TASK DIRECTIONS: The complete listing should be restated exactly.

** RECORDED INFORMATION follows **

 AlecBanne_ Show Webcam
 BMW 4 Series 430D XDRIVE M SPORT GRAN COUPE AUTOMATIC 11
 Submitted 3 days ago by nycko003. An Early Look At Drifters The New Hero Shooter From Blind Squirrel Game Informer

** End of RECORDED INFORMATION **

TASK OUTPUT:
 AlecBanne_ Show Webcam
 BMW 4 Series 430D XDRIVE M SPORT GRAN COUPE AUTOMATIC 11
 Submitted 3 days ago by nycko003. An Early Look At Drifters The New Hero Shooter From Blind Squirrel Game Informer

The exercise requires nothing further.